SPOKANE, Wash. (AP) - The federal government needs to do more to prevent the failure of radioactively contaminated facilities at an aging nuclear weapons production site in Washington state, the Government Accountability Office said this week.
The partial collapse in 2017 of a tunnel containing radioactive waste from the Cold War on the Hanford Nuclear Reservation signaled problems with how the U.S. Department of Energy dealt with aging infrastructure, the GAO report said.
Specifically, the report raised questions about the way obsolete facilities were evaluated, monitored and given priority for eventual cleanup and removal.
U.S. Sen. Ron Wyden, a Democrat from Oregon and a frequent Hanford critic, asked the Energy Department to take additional steps to ensure the safety of some 10,000 workers on the Hanford site and residents of the surrounding Tri-Cities area.
“Although DOE has agreed to implement all of GAO’s recommendations, I do not believe this is sufficient to ensure protection of workers at the site and the citizens in the region,’’ Wyden wrote to Energy Secretary Dan Brouillette.
Wyden asked him to outline by March 20 specific steps the agency will take “to ensure that there will not be any unexpected failures of containment at legacy radioactive waste facilities at Hanford.”
Wyden and colleagues requested the GAO report after the partial collapse in 2017 of an aging tunnel that stored railroad cars loaded with radioactive waste.
Hanford was created by the Manhattan Project during World War II to beat Nazi Germany to the atomic bomb. The giant nuclear site made the plutonium for the atomic bomb dropped on Nagasaki, Japan, at the end of the the war. It went on to make about two-thirds of the nation’s plutonium for the nuclear arsenal during the Cold War.
That work generated an enormous amount of nuclear waste, and Hanford for the past three decades has been involved in cleaning up that waste.
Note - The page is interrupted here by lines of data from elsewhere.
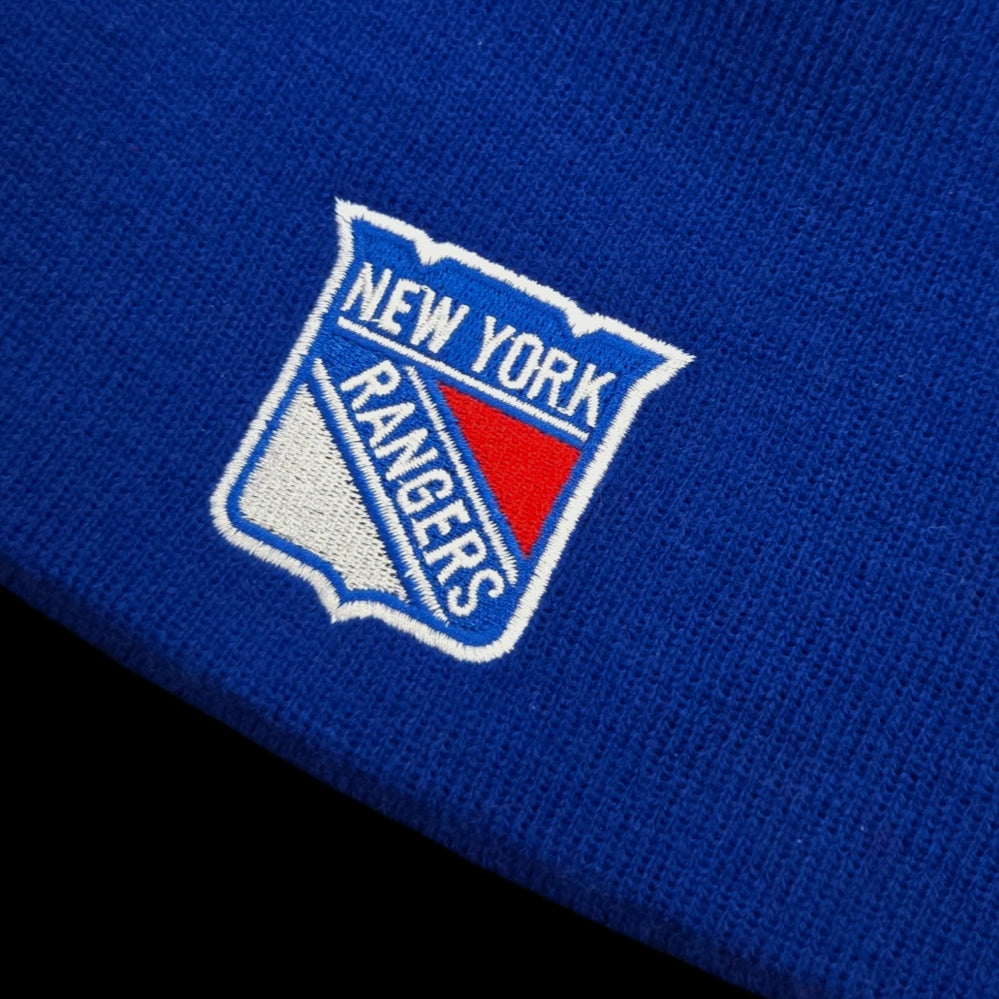 Tuque Junior - Rangers de New York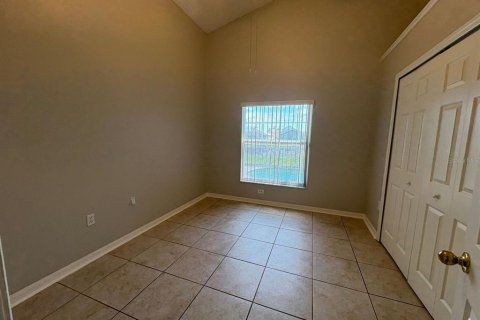 Villa ou maison à louer à Kissimmee, Floride: 4 chambres, 169.27 m2 № 1826855 - photo 18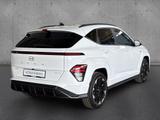Hyundai KONA SX2 65kWh MY26 N-LINE Navi digitales Cockpi - Hyundai KONA
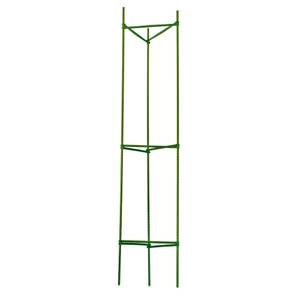 Gardener's Blue Ribbon 5' Ultomato Green Tomato Plant Cage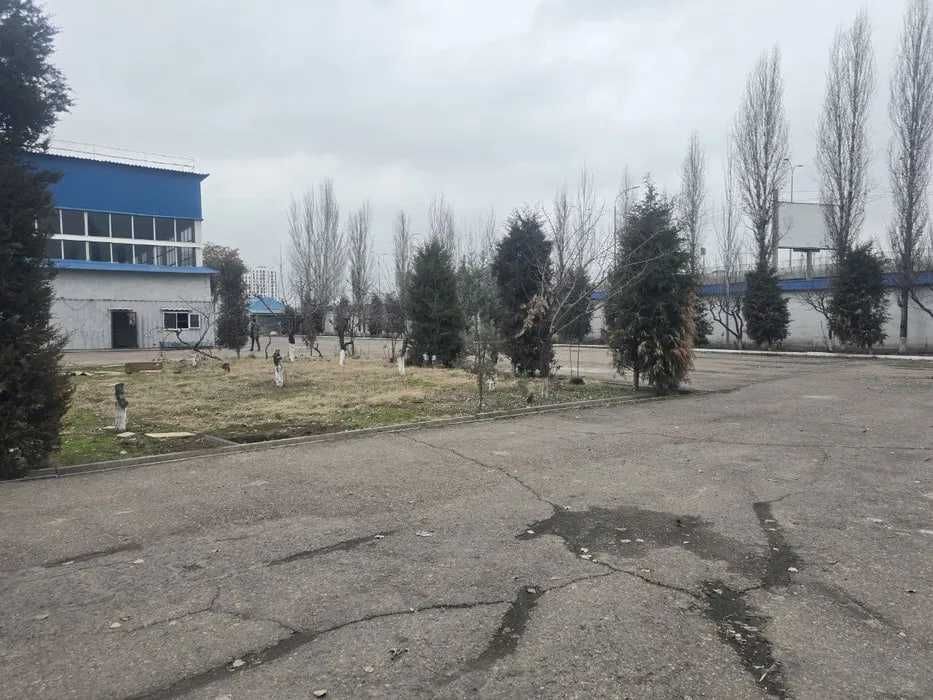 Сдаётся здание -  склад, Яшнабадский р-н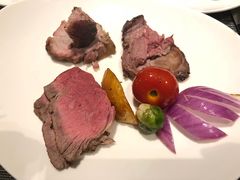 -长沙北辰洲际酒店-兰调全日餐厅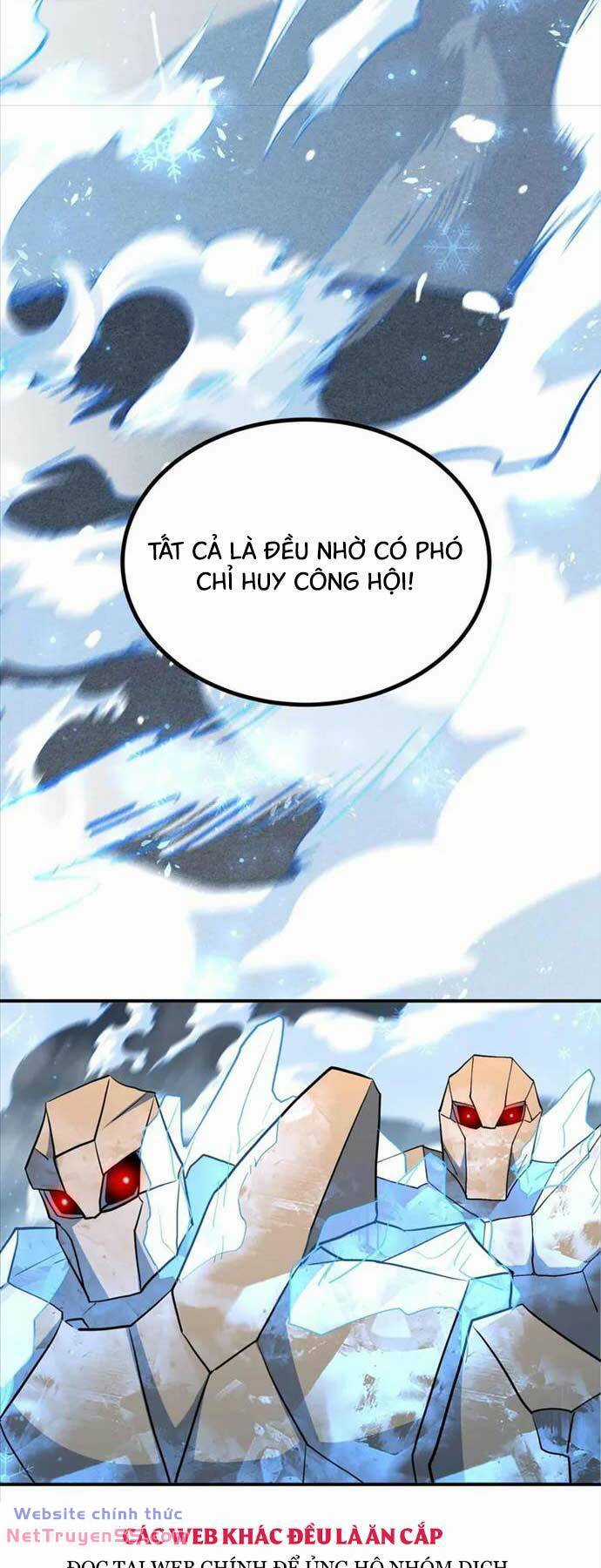 Thiết Huyết Chiêu Hồn Sư Chapter 35 trang 3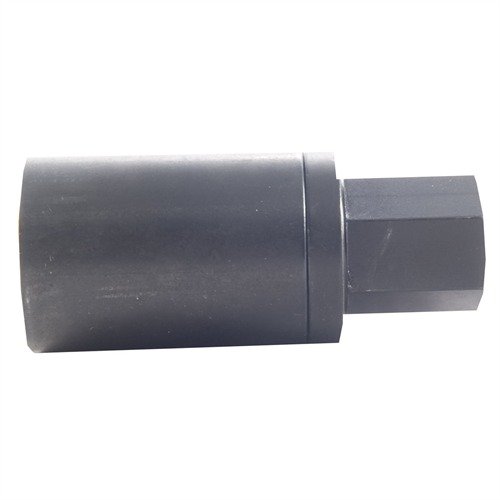 Le 308 AR Barrel Extension Wrench te permet d'installer ou retirer facilement les extensions de canon AR 308, avec un ajustement précis et sans glisser.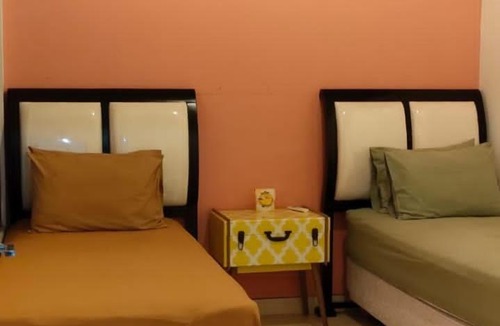 Yogyakarta House | Rumah Mba Ayu 3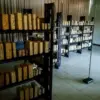 A beautiful image featuring Shelving, Shelf, Collection Image of Shelving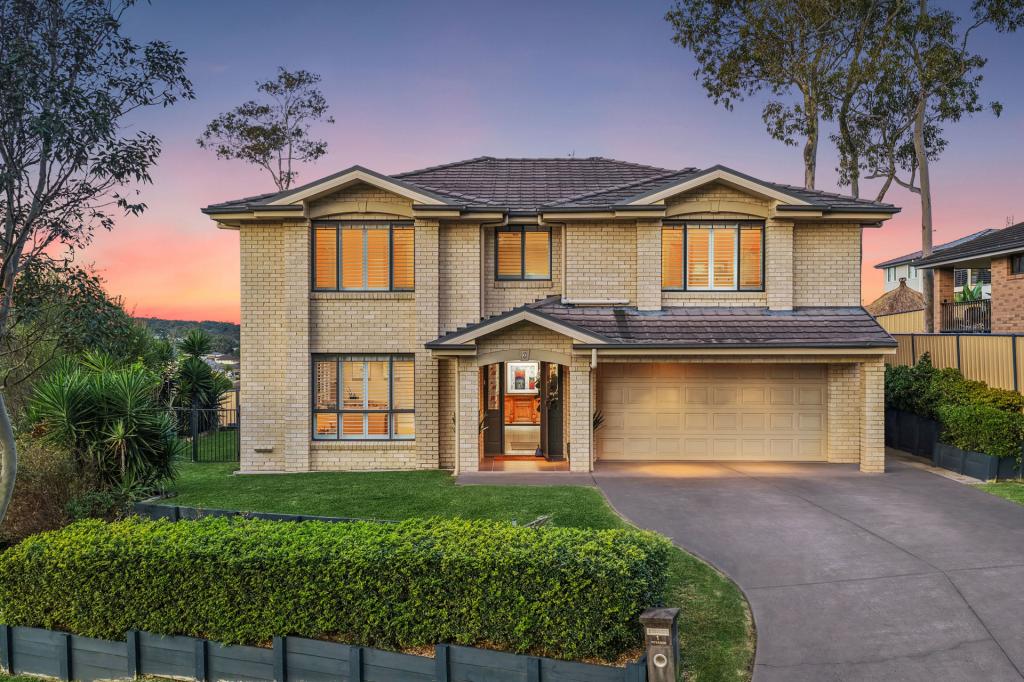 1 Voyager St, Wadalba, NSW 2259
In May of 2017, a portion of the roof of a storage tunnel at the closed Plutonium-Uranium Extraction Plant collapsed. Thousands of workers across the site, which is half the size of Rhode Island, were ordered to take cover indoors. Benton and Franklin counties activated their emergency operations centers. Fear spread through the region in south-central Washington state.
However, 8 feet (2.4 meters) of dirt that lay atop the tunnel fell into the hole created by the partial collapse, preventing radioactive particles from becoming airborne.
The tunnel stored eight railroad cars loaded with obsolete equipment contaminated with high levels of radiation.
The Department of Energy concluded that wooden timbers used to build the tunnel in the 1950s had likely deteriorated and the tunnel was pumped full of a cement-like grout to stabilize the structure.
But the GAO found the agency did not do a full investigation to determine the underlying causes of the partial collapse.
If an analysis had been done, it may have determined why the tunnel failure could not be predicted, the GAO said.
“DOE would have had greater assurance that another, similar event will not take place at Hanford,’’ the GAO said. Hanford has hundreds of buildings and sites still awaiting cleanup and disposition, a process that will take decades.
The Energy Department said that by the end of this year it would conduct the recommended analysis of why it missed the potential for the collapse of the tunnel.